Lucas dégaina son poing droit, manquant de peu Déniss, qui le saisit d'un côté, aidé de son sbire ventripotent. Unis dans la malfaisance, ils poussèrent le rebelle dans l'eau. Heureusement, le courant et la profondeur étaient moindres. Dans sa chute, l'adolescent, au visage désormais couvert de résidus de végétaux, s'écorcha les mains.

— Une tache sur une tache… Original, asséna Déniss, penché sur la berge.

— Y en a une des deux qui prend pas l'eau, surenchérit Steven. Bon allez, on se tire. À demain, mon petit panda.

C'est donc trempé que Lucas escalada la berge. La rage le consumait de l'intérieur. Il fallait que cette bête explose, rugisse, d'une façon ou d'une autre. En l'occurrence, sur la rugosité de l'écorce blanche à sa droite, progressivement ponctuée de rouge.

— Je vais leur casser les dents, à ces deux saloperies, fulmina Lucas, envisageant de leur casser bien plus encore.

Au beau milieu du parc, il n'avait de cesse de confronter sa soif de vengeance aux suppliques de sa mère. Dans les deux cas, un sacrifice s'imposait. Se soumettre aux volontés de ses parents, il en avait plus qu'assez. Au final, le choix s'avérait d'une simplicité déconcertante dans son esprit : terroriser ou être terrorisé.

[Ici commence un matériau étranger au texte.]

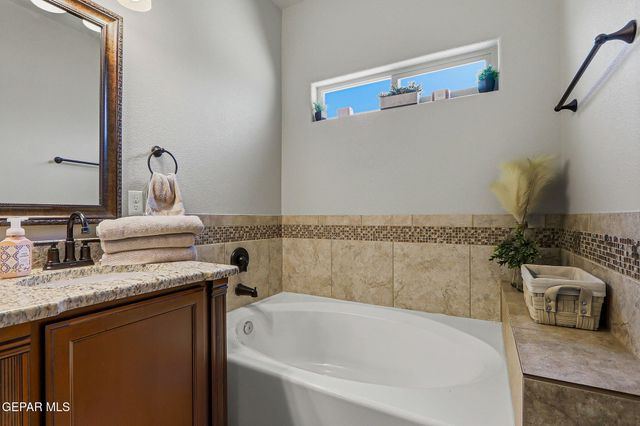 14677 JESUS ALMEIDA, El Paso, TX 79938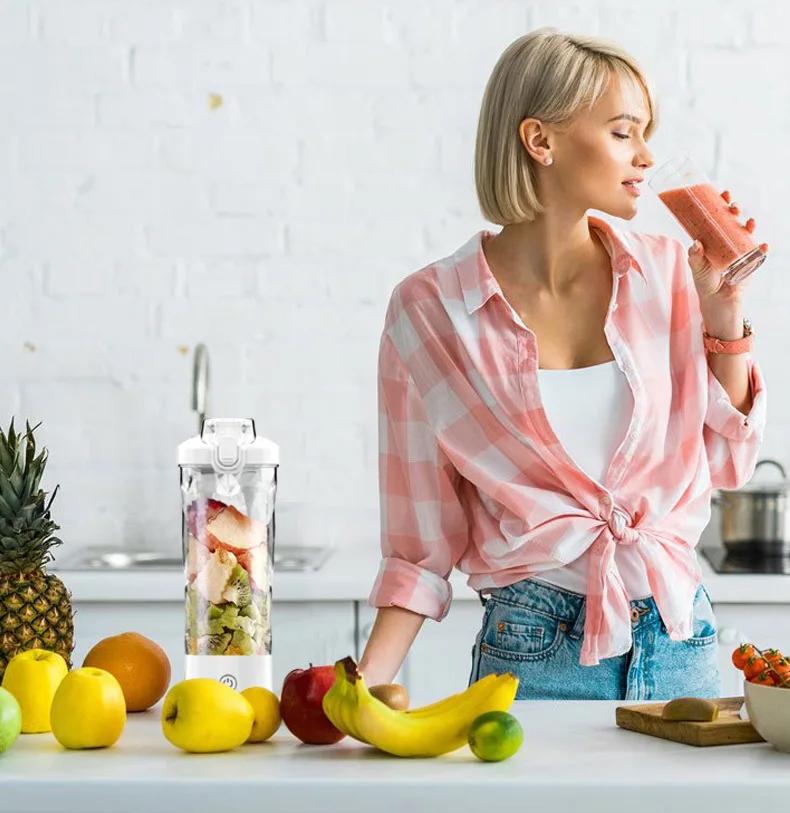 6 Blades Juicer Cup 600ml USB Rechargeable Smoothie Fresh Juicer Blender Mini Portable Wireless Juicers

D'un pas déterminé, il arpenta l'allée principale du parc, au sortir duquel il recroisa les prunelles malicieuses de l'adipeux Steven, comme s'il l'avait attendu pour la seconde manche, adossé contre un mur. Seul. L'adolescent trempé n'était pas en état de réfléchir davantage. Il axa son corps en direction de l'ennemi, prêt à lui faire manger de la semelle, sauce macadam.

— Tu vas voir, le panda, ce qu'il va te mettre, écuma Lucas.

Alors qu'il s'apprêtait à traverser la route en vue d'ouvrir les hostilités, ses oreilles captèrent le chevrotement poussif d'une vieille dame :

— Attention ! Elle va tomber !

Un doigt, déformé par l'arthrose, désignait une longue échelle dressée à plusieurs mètres de la position du cador. Comme si un pied en avait été scié, l'échelle glissa le long de la gouttière, prenant de la vitesse sous l'effet de son propre poids, avant d'atterrir sur un Steven, trop obnubilé par la charge résolue de son souffre-douleur. Une kyrielle de hurlements accompagna l'arrêt brutal d'un véhicule à proximité, dont le chauffeur descendit à la hâte, imité par d'autres. Les piétons appelèrent aussitôt les secours.

Incapable de résister à pareil spectacle, Lucas fit marche vers le corps inerte qui baignait dans une flaque de sang grandissante, nuancée d'un rouge plus clair, résultat d'un crâne fracassé. Cette première rencontre avec la mort lui laisserait un souvenir impérissable. Délicieusement impérissable.

La rue braillait, s'affolait, comme une fourmilière perturbée dans son train-train quotidien. Seul Lucas contemplait la grimace singulière de son bourreau, tiraillé entre écœurement et pleine satisfaction. Au loin, les sirènes signalaient leur imminente arrivée. Commissures aux oreilles, il fila.